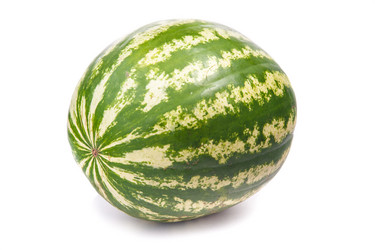 Similar image 7548506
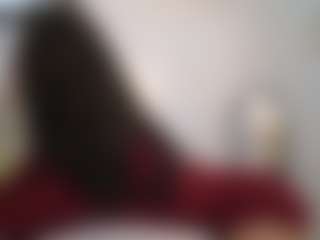 azaleiia's Live Sex Cam Show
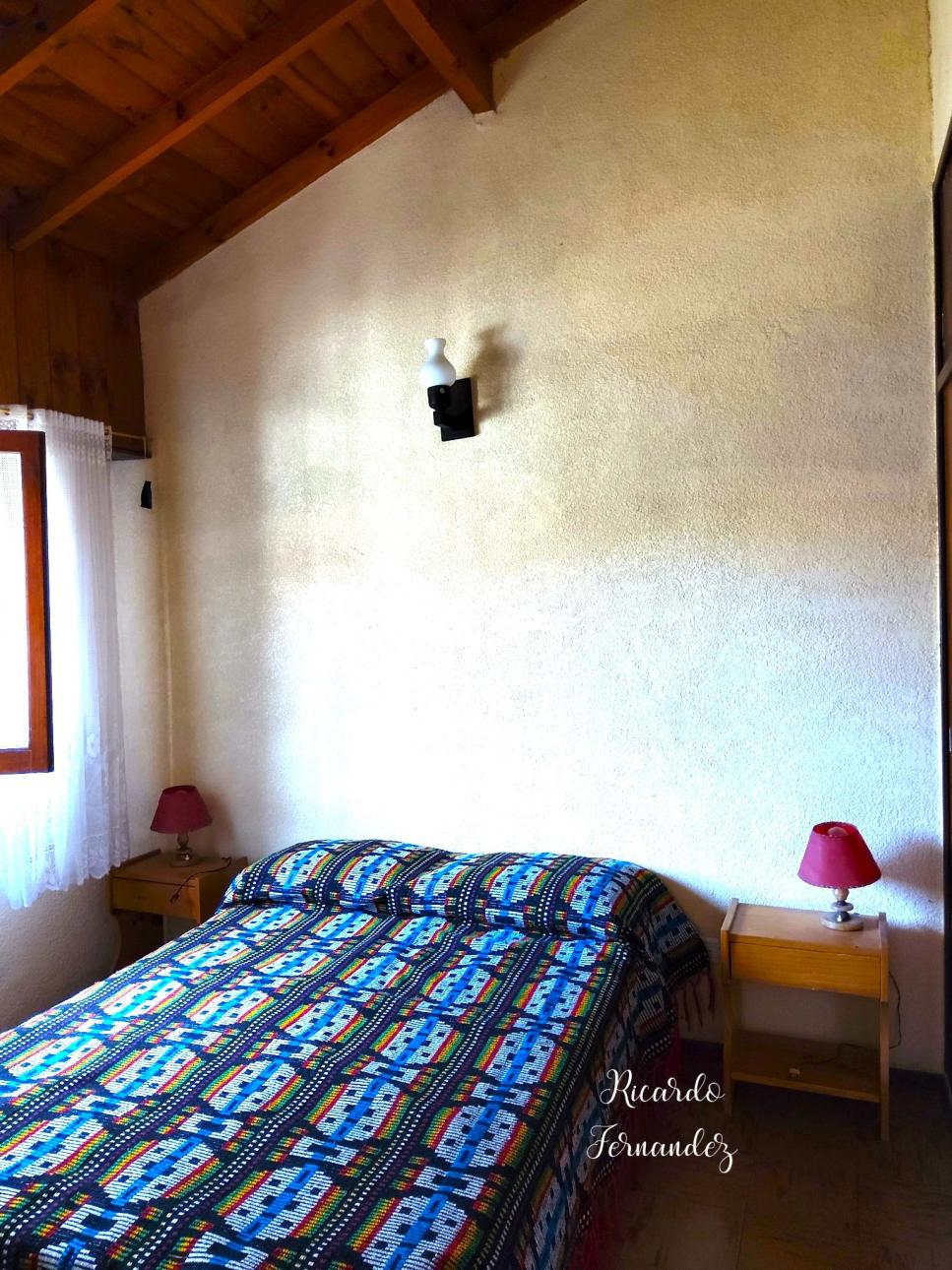 MUY BUEN DUPLEX A 4 CUADRAS DEL MAR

- _What to produce_
Reproduce exactly, and only, the lines from the one with "azaleiia's Live Sex Cam Show" to the final line of the listing above; the pictures are to be left out.

- _Response area_
 azaleiia's Live Sex Cam Show
 MUY BUEN DUPLEX A 4 CUADRAS DEL MAR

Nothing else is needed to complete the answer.